McEachern moved. “We’ll go see,” he said. They entered the pasture in single file. The creek was a quarter of a mile distant. Against the dark band of trees where it flowed fireflies winked and faded. They reached these trees. The trunks of them were choked with marshy undergrowth, hard to penetrate even by day. “Call her,” McEachern said. Joe did not answer. He did not move. They faced one another.
“She’s my cow,” Joe said. “You gave her to me. I raised her from a calf because you gave her to me to be my own.”
“Yes,” McEachern said. “I gave her to you. To teach you the responsibility of possessing, owning, ownership. The responsibility of the owner to that which he owns under God’s sufferance. To teach you foresight and aggrandisement. Call her.”
For a while longer they faced one another. Perhaps they were looking at one another. Then Joe turned and went on along the marsh, McEachern following. “Why dont you call her?” he said. Joe did not answer. He did not seem to be watching the marsh, the creek, at all. On the contrary he was watching the single light which marked the house, looking back now and then as if he were gauging his distance from it. They did not go fast, yet in time they came to the boundary fence which marked the end of the pasture. It was now full dark. When he reached the fence Joe turned and stopped. Now he looked at the other. Again they stood
face to face. Then McEachern said: “What have you done with that heifer?”
“I sold her,” Joe said.
“Ah. You sold her. And what did you get for her, might I ask?”
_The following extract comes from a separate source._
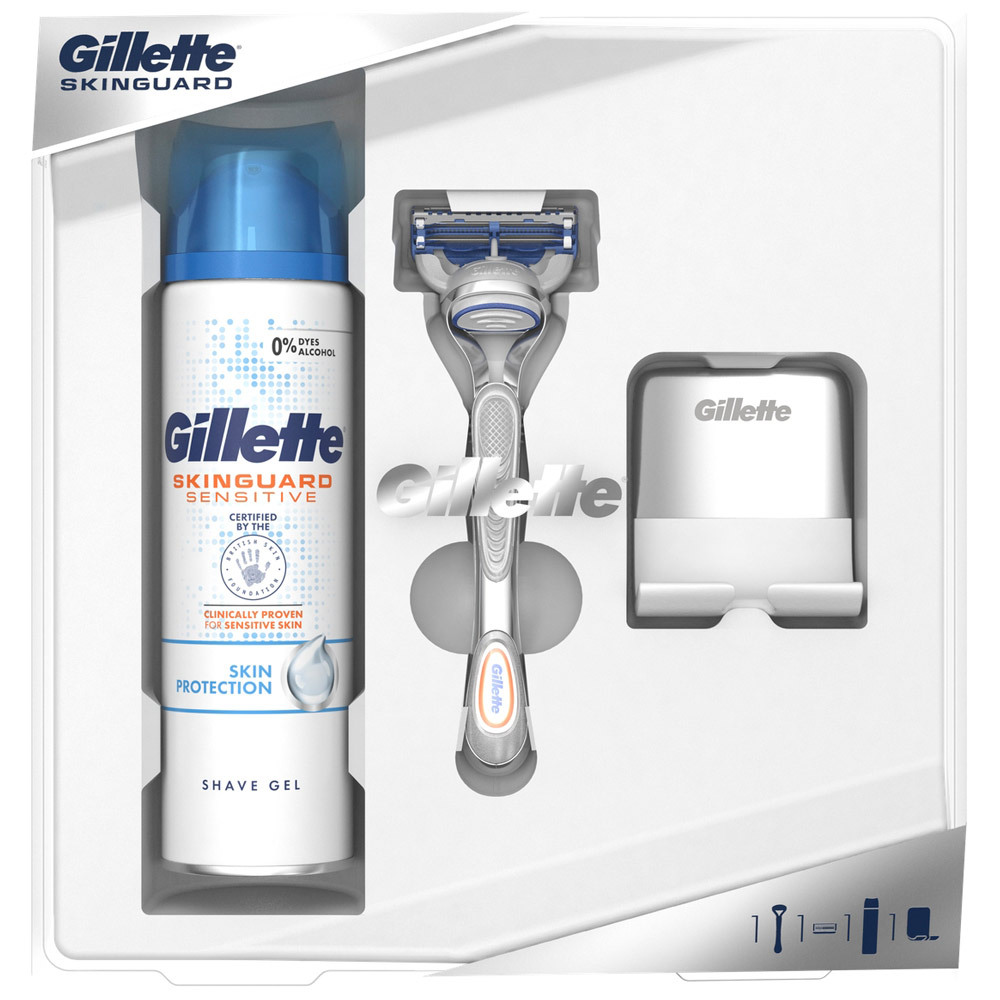 Gavesett Gillette Skinguard Sens barberhøvel med kassett + Barbergel 0,2L + veggholder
They could not distinguish one another’s face now. They were just shapes, almost of a height, though McEachern was the thicker. Above the white blur of his shirt McEachern’s head resembled one of the marble cannonballs on Civil War monuments. “It was my cow,” Joe said. “If she wasn’t mine, why did you tell me she was? Why did you give her to me?”
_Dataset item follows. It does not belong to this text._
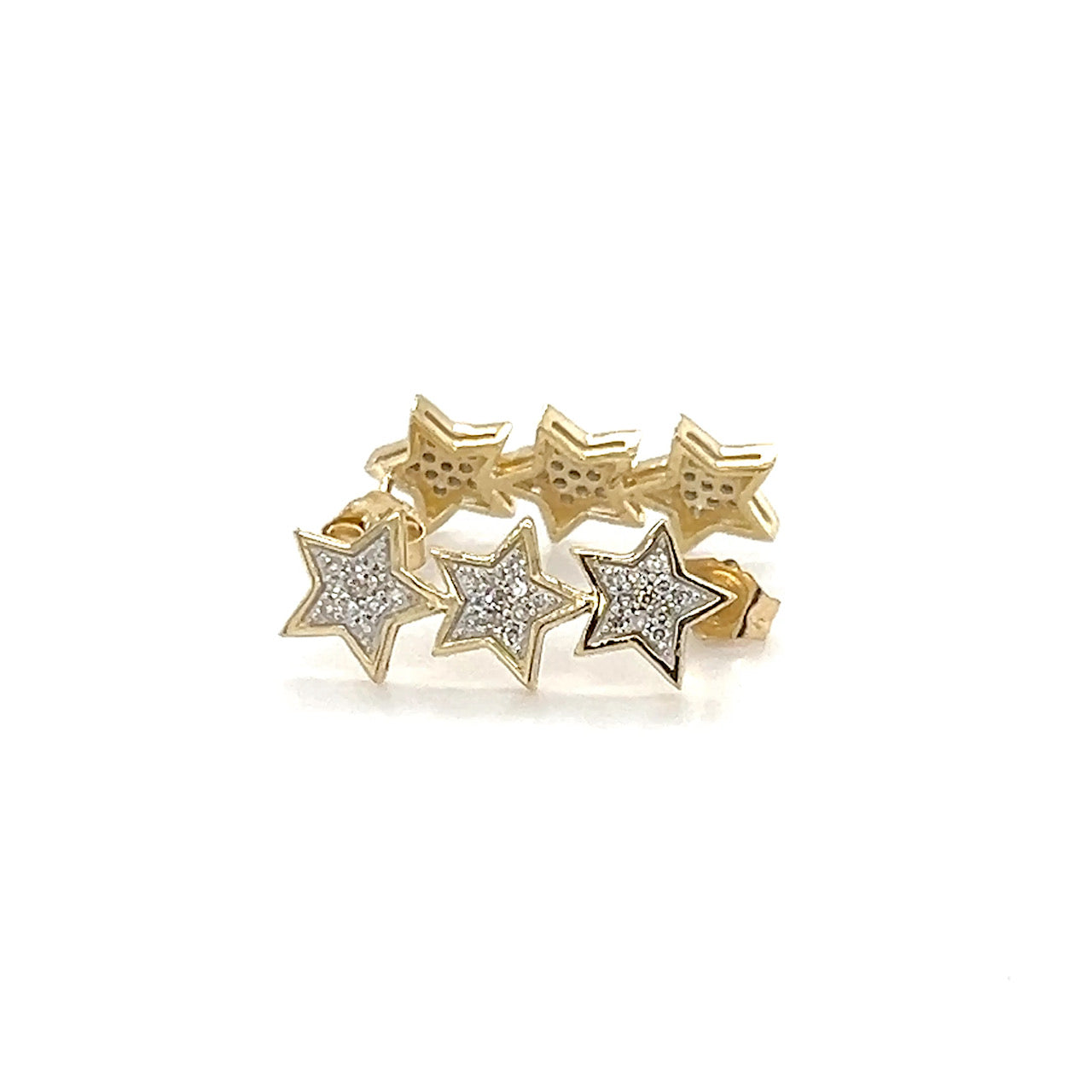 14K Two-Tone Gold 3 Star Stud Earrings; 2.3g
“You are quite right. She was your own. I have not yet chidden you for selling her, provided you got a good price. And even if you were beat in the trade, which with a boy of eighteen is more than like to be so, I will not chide you for that. Though you would better have asked the advice of some one older in the ways of the world. But you must learn, as I did. What I ask is, Where have you put the money for safekeeping?” Joe didn’t answer. They faced one another. “You gave it to your fostermother to keep for you, belike?”